Op 28 september 2014 doet verdachte een tweetal meldingen van ongebruikelijke transacties bij de FIU. Verdachte meldt de betalingen onder de 2011-transactie van bedrijf 3 aan bedrijf 2 die in 2011 heeft plaatsgevonden.8 Verder doet verdachte melding van de betalingen onder de 2011/2012-transacties van bedrijf 4 aan vermoedelijk bedrijf 2.9 Verdachte stelt in beide meldingen dat zij aanleiding heeft om te veronderstellen dat de gemelde transacties verband kunnen houden met witwassen.

Voor de 2011-transactie meldt verdachte dat het vermoeden bestaat dat (een deel van) het betaalde bedrag is terechtgekomen bij Oezbeekse functionarissen om hen te bewegen de licentie aan bedrijf 4 te verstrekken gezien:

- de snelheid waarmee de licentie is verkregen (één maand);

- het bedrag dat hiervoor is betaald, maar dat (gedeeltelijk) niet verklaarbaar is;

- de nauwe betrokkenheid van (familie van) Oezbeekse functionarissen;

- de geruchten van betrokkenheid van bedrijf 2 bij omkopingsschandalen;

- het ontdekken van meer ongebruikelijke transacties met bedrijf 2.
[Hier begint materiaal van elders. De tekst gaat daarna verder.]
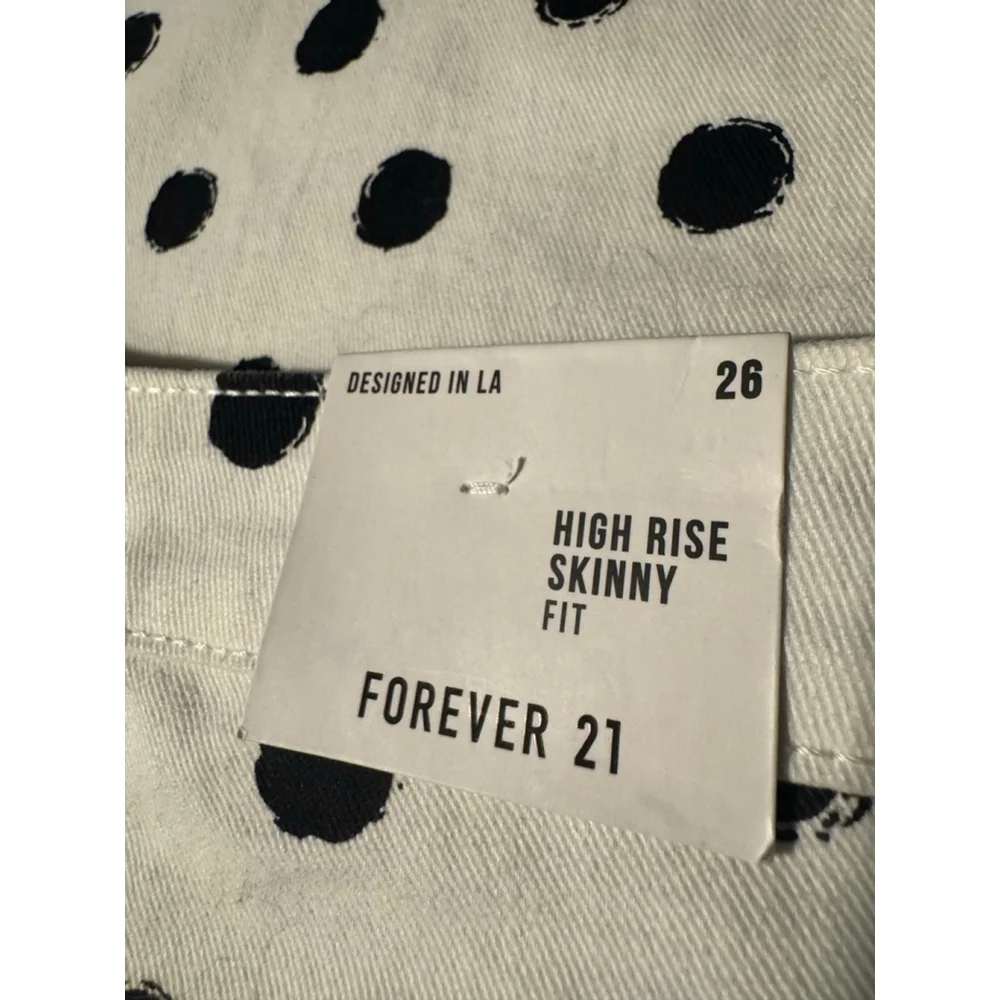 Forever 21 Polka Dot Jeans High Rise Skinny Size 26 Black White Stretch Y2K NWT - Picture 6 of 7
Voor de 2011/2012-transacties meldt verdachte dat deze mogelijk te maken hebben met de omkoping van bedrijf 2 gezien:

- de verschillende geruchten van omkoping ten aanzien van bedrijf 2;

- de lopende corruptieonderzoeken;

- de verhullende wijze waarop beide transacties zijn vormgegeven;

- het feit dat er geen prestaties vanuit bedrijf 2 tegenover de betalingen lijken te hebben gestaan.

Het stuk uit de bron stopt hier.